▶ WHAT YOU ARE ASKED TO DO
Every entry should be returned exactly. Omit none of them.
==== DATASET EXTRACT
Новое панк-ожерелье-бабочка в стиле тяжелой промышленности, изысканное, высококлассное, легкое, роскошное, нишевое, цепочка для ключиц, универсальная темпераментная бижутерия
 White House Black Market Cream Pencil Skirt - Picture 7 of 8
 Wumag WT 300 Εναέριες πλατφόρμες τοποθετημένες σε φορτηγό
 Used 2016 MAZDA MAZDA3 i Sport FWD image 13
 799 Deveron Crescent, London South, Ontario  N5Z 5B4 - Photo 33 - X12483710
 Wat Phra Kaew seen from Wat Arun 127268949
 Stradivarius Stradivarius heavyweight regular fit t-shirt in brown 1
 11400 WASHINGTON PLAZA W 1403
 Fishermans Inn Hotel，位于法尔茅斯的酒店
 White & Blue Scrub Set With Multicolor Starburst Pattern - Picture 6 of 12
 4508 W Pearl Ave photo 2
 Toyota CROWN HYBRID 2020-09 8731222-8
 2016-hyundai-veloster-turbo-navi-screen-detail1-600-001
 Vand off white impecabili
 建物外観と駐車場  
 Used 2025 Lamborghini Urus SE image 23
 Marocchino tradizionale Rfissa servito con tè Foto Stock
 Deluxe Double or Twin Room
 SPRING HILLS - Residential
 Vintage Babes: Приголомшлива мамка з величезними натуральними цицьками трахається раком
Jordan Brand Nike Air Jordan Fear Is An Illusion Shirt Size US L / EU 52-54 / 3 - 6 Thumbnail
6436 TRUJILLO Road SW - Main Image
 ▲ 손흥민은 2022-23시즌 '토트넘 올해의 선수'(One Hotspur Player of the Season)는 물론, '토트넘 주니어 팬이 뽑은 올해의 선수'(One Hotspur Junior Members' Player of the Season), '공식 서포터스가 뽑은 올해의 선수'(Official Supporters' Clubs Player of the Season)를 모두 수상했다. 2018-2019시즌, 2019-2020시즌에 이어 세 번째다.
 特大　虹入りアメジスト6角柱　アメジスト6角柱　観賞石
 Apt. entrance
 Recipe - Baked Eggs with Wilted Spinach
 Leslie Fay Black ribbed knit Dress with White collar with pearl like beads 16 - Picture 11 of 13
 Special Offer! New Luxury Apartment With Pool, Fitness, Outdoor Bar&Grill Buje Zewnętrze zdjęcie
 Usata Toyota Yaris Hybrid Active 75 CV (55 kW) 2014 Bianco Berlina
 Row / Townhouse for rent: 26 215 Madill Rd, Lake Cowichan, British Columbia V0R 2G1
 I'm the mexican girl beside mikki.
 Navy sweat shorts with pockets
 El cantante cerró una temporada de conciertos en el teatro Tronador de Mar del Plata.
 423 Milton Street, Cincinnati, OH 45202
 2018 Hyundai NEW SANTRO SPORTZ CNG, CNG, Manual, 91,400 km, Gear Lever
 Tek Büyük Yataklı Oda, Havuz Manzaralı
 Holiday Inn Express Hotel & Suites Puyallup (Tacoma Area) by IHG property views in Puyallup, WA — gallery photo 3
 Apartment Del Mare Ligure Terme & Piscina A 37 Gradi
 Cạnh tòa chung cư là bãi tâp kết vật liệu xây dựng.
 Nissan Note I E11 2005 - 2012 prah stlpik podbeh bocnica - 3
========
▶ ANSWER BELOW
Новое панк-ожерелье-бабочка в стиле тяжелой промышленности, изысканное, высококлассное, легкое, роскошное, нишевое, цепочка для ключиц, универсальная темпераментная бижутерия
 White House Black Market Cream Pencil Skirt - Picture 7 of 8
 Wumag WT 300 Εναέριες πλατφόρμες τοποθετημένες σε φορτηγό
 Used 2016 MAZDA MAZDA3 i Sport FWD image 13
 799 Deveron Crescent, London South, Ontario  N5Z 5B4 - Photo 33 - X12483710
 Wat Phra Kaew seen from Wat Arun 127268949
 Stradivarius Stradivarius heavyweight regular fit t-shirt in brown 1
 11400 WASHINGTON PLAZA W 1403
 Fishermans Inn Hotel，位于法尔茅斯的酒店
 White & Blue Scrub Set With Multicolor Starburst Pattern - Picture 6 of 12
 4508 W Pearl Ave photo 2
 Toyota CROWN HYBRID 2020-09 8731222-8
 2016-hyundai-veloster-turbo-navi-screen-detail1-600-001
 Vand off white impecabili
 建物外観と駐車場  
 Used 2025 Lamborghini Urus SE image 23
 Marocchino tradizionale Rfissa servito con tè Foto Stock
 Deluxe Double or Twin Room
 SPRING HILLS - Residential
 Vintage Babes: Приголомшлива мамка з величезними натуральними цицьками трахається раком
Jordan Brand Nike Air Jordan Fear Is An Illusion Shirt Size US L / EU 52-54 / 3 - 6 Thumbnail
6436 TRUJILLO Road SW - Main Image
 ▲ 손흥민은 2022-23시즌 '토트넘 올해의 선수'(One Hotspur Player of the Season)는 물론, '토트넘 주니어 팬이 뽑은 올해의 선수'(One Hotspur Junior Members' Player of the Season), '공식 서포터스가 뽑은 올해의 선수'(Official Supporters' Clubs Player of the Season)를 모두 수상했다. 2018-2019시즌, 2019-2020시즌에 이어 세 번째다.
 特大　虹入りアメジスト6角柱　アメジスト6角柱　観賞石
 Apt. entrance
 Recipe - Baked Eggs with Wilted Spinach
 Leslie Fay Black ribbed knit Dress with White collar with pearl like beads 16 - Picture 11 of 13
 Special Offer! New Luxury Apartment With Pool, Fitness, Outdoor Bar&Grill Buje Zewnętrze zdjęcie
 Usata Toyota Yaris Hybrid Active 75 CV (55 kW) 2014 Bianco Berlina
 Row / Townhouse for rent: 26 215 Madill Rd, Lake Cowichan, British Columbia V0R 2G1
 I'm the mexican girl beside mikki.
 Navy sweat shorts with pockets
 El cantante cerró una temporada de conciertos en el teatro Tronador de Mar del Plata.
 423 Milton Street, Cincinnati, OH 45202
 2018 Hyundai NEW SANTRO SPORTZ CNG, CNG, Manual, 91,400 km, Gear Lever
 Tek Büyük Yataklı Oda, Havuz Manzaralı
 Holiday Inn Express Hotel & Suites Puyallup (Tacoma Area) by IHG property views in Puyallup, WA — gallery photo 3
 Apartment Del Mare Ligure Terme & Piscina A 37 Gradi
 Cạnh tòa chung cư là bãi tâp kết vật liệu xây dựng.
 Nissan Note I E11 2005 - 2012 prah stlpik podbeh bocnica - 3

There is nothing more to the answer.